A few hours invested to get the disk simulated signals working on testbench

BIZARRE BEHAVIOR OF THE VIVADO SIMULATOR REQUIRED EXPERIMENTATION

In Verilog, you specify delays between signal changes using #nnnnn to specify how many units of time 'n' to delay before taking the next action. The sector pulses occur 5 milliseconds apart and last for 165 microseconds duration as an inverted logic signal. The repeating process in the testbench to generate this was written as:

 forever begin
       BUS_SECTOR_DRIVE_L <= 1'b0;
       #165000000
       BUS_SECTOR_DRIVE_L <= 1'b1;
       #4835000000
       BUS_SECTOR_DRIVE_L <= 1'b0;
 end

What I was finding was 165 us for the 0 portion but only about 500 us for the 1 portion, far from what I intended. It acted as if it simply lopped off the 483 from the beginning of the delay value. 

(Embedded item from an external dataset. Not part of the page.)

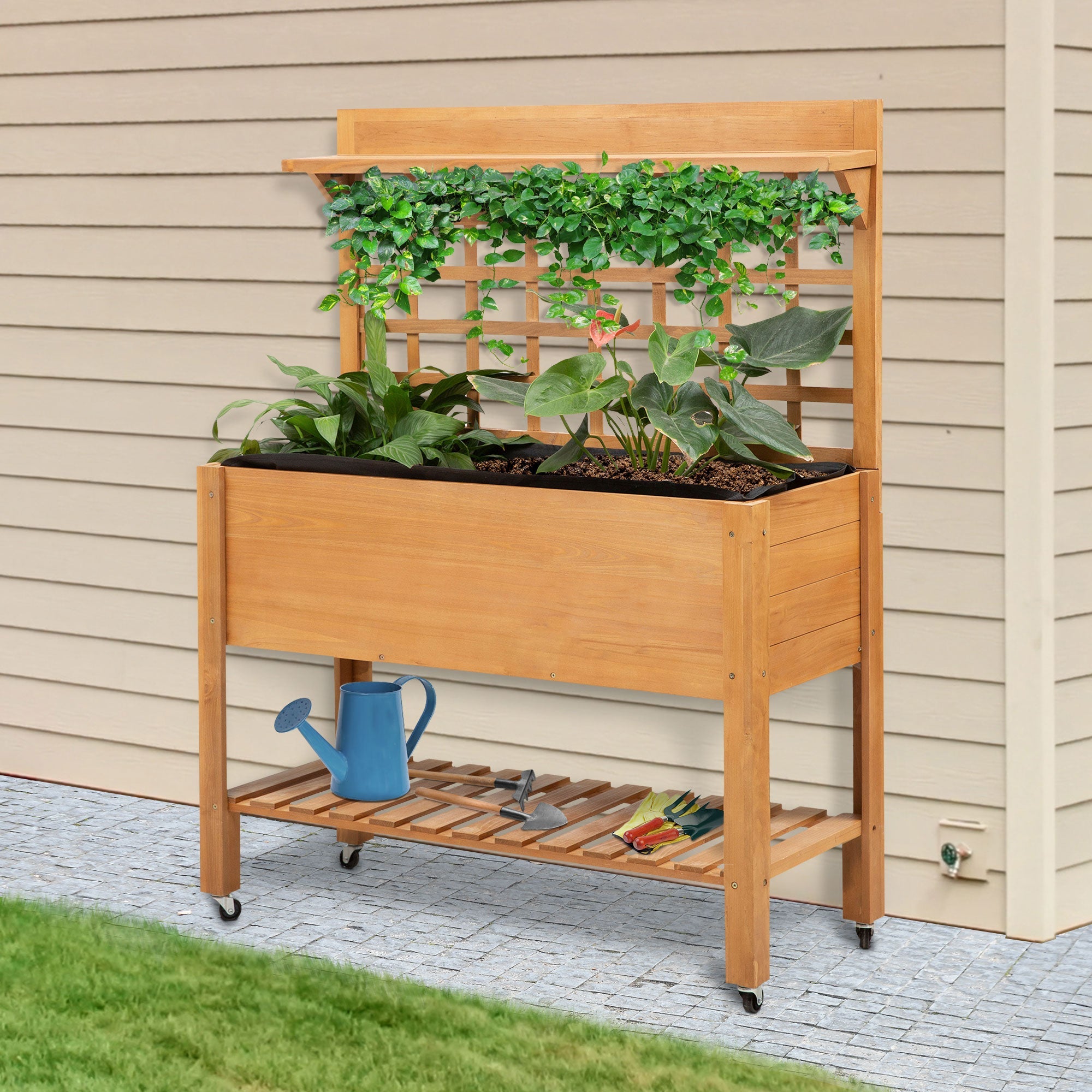 Outsunny 41" Raised Garden Bed with Trellis on Wheels, Wooden Elevated Planter Box with Legs and Bed Liner, for Flowers, Herbs & Vegetables, Brown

I resolved this by repeating a smaller delay value and the same signal value to add up to the desired total delay:

    forever begin
       BUS_SECTOR_DRIVE_L <= 1'b0;
       #165000000
       BUS_SECTOR_DRIVE_L <= 1'b1;
       #500000000
       BUS_SECTOR_DRIVE_L <= 1'b1;
       #500000000
       BUS_SECTOR_DRIVE_L <= 1'b1;
       #500000000
         . . .

 This worked properly. I would expect that if a value is too large for the simulator to handle, it would issue some kind of error message to warn me, rather than silently failing and doing so in a way that appears to be a random value. 

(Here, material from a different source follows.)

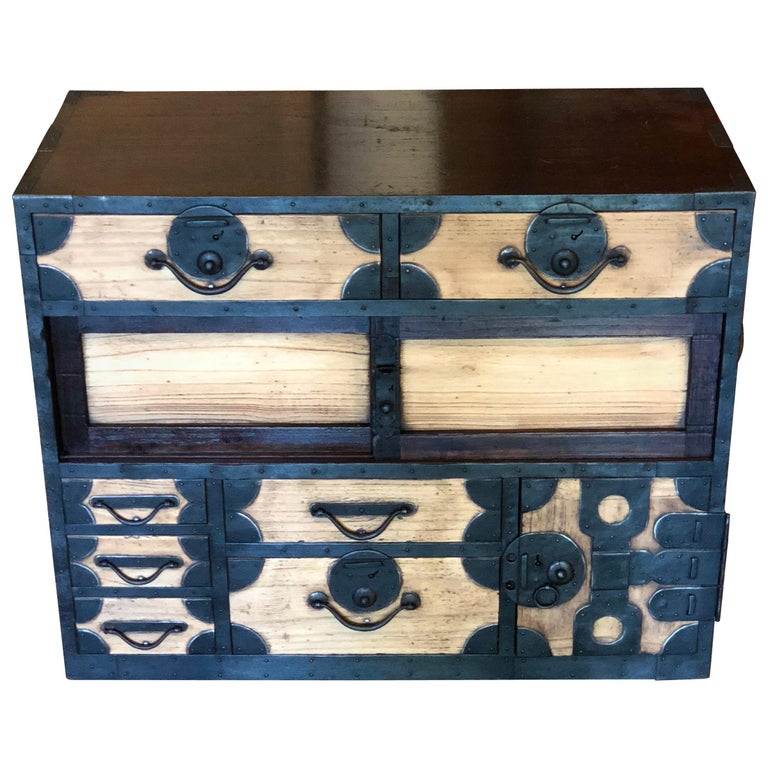 Japanese Tansu Light Wood Kiri Iron Hardware Chest Side ...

EXTENSIVE WAIT TIMES FOR SIMULATION TO MODEL ONE ROTATION OF THE DISK

The drive spins at 1500 RPM, taking 40 milliseconds to turn once. With the 500,000 to 1 time simulating each picosecond, this would chew away on my laptop for five and a half hours. Just a single sector, the minimum to watch the logic archive content to RAM, will require one hour and almost forty minutes. 

See one mistake or make one refinement, the cycle time is about two hours. Very tedious.